● **TASK INSTRUCTIONS**
Nothing should be left out. Give all the data again exactly as written.

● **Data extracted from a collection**
-.-.-

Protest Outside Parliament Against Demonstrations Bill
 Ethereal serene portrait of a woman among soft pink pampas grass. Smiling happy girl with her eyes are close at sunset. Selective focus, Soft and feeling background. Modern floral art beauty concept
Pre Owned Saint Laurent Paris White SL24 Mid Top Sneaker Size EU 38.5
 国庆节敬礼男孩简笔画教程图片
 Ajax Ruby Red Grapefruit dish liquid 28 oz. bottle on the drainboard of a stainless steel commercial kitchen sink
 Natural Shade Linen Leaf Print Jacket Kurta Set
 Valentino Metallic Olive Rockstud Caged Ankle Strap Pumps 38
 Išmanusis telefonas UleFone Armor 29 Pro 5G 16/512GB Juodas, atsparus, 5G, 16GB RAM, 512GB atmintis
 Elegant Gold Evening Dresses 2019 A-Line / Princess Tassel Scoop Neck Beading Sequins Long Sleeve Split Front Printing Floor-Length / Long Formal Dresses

-.-.-

● **RESULT FOR THIS EXERCISE**
Protest Outside Parliament Against Demonstrations Bill
 Ethereal serene portrait of a woman among soft pink pampas grass. Smiling happy girl with her eyes are close at sunset. Selective focus, Soft and feeling background. Modern floral art beauty concept
Pre Owned Saint Laurent Paris White SL24 Mid Top Sneaker Size EU 38.5
 国庆节敬礼男孩简笔画教程图片
 Ajax Ruby Red Grapefruit dish liquid 28 oz. bottle on the drainboard of a stainless steel commercial kitchen sink
 Natural Shade Linen Leaf Print Jacket Kurta Set
 Valentino Metallic Olive Rockstud Caged Ankle Strap Pumps 38
 Išmanusis telefonas UleFone Armor 29 Pro 5G 16/512GB Juodas, atsparus, 5G, 16GB RAM, 512GB atmintis
 Elegant Gold Evening Dresses 2019 A-Line / Princess Tassel Scoop Neck Beading Sequins Long Sleeve Split Front Printing Floor-Length / Long Formal Dresses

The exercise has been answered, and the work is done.